Note that the data should be split into train and test sets using the script in the bin directory before running this notebook.

When training different models it is important to keep a seperate test set that is not used for training. This is to ensure that the model is not overfitting to the training data. The test set should only be used to evaluate the final model. The test set should not be used to tune the model. If the model is tuned using the test set then the model will not generalise well to unseen data.

In order to evaluate the intermediate models, we can use the validation set. The validation set is used to tune the model's hyperparameters. The validation set is used to select the best model. The validation set is not used to train the model. The validation set should not be used to evaluate the final model.

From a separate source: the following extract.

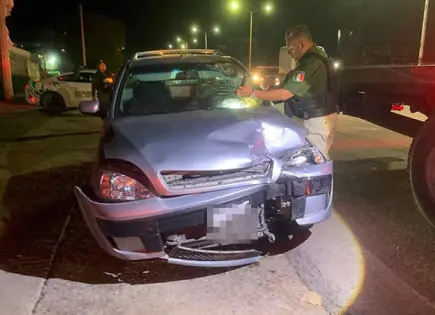 Fallece estudiante herido en accidente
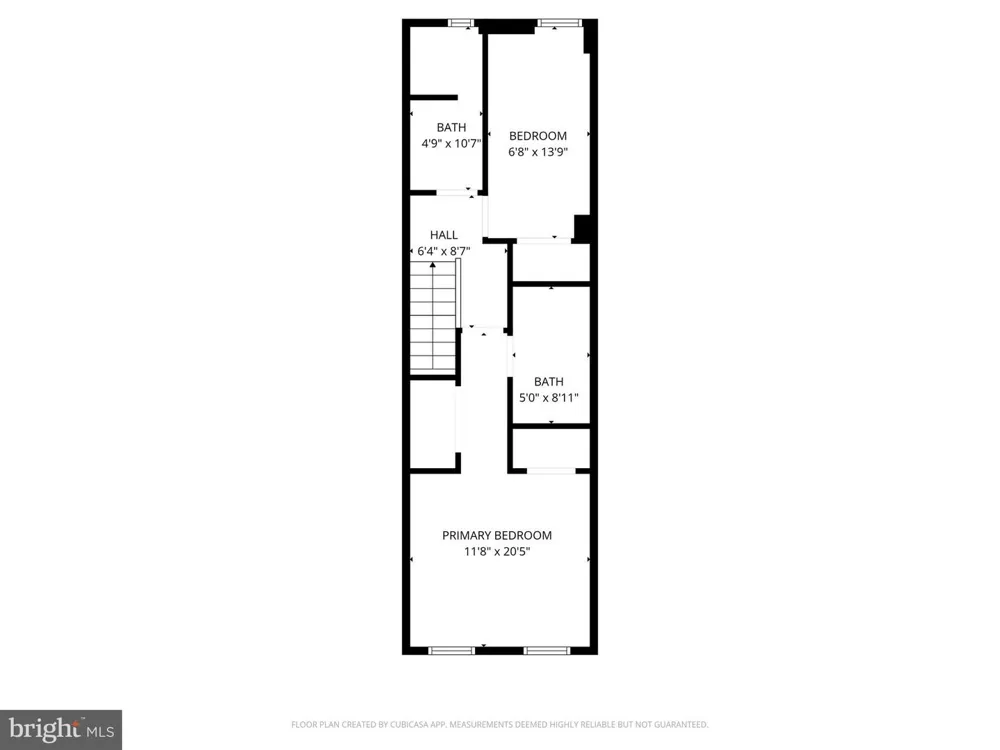2636 E MONUMENT STREET Baltimore, MD 21205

An alternative approach to the validation set is to use cross validation. Cross validation is a technique that allows us to use all of the data for training and validation. This is useful when we have a small dataset. Cross validation should not be used to evaluate the final model.

In [None]:
# Switch the data type by changing the path
# 3 Options by default: raw, raw-fft-split-1, raw-fft-split-2
# raw: time series data, 6000 samples, 100 Hz, padded
# raw-fft-split-1: Absolute of FFT of unpadded time series data, 512 bins
# raw-fft-split-3: Split FFT into 3 Sections in Time: Absolute of FFT of each time series chunk: 512 bins per chunk

train_data = np.load("../datasets/llaima/raw-fft-split-3/train_data.npy")
train_labels = np.load("../datasets/llaima/train_labels.npy")

val_data = np.load("../datasets/llaima/raw-fft-split-3/val_data.npy")
val_labels = np.load("../datasets/llaima/val_labels.npy")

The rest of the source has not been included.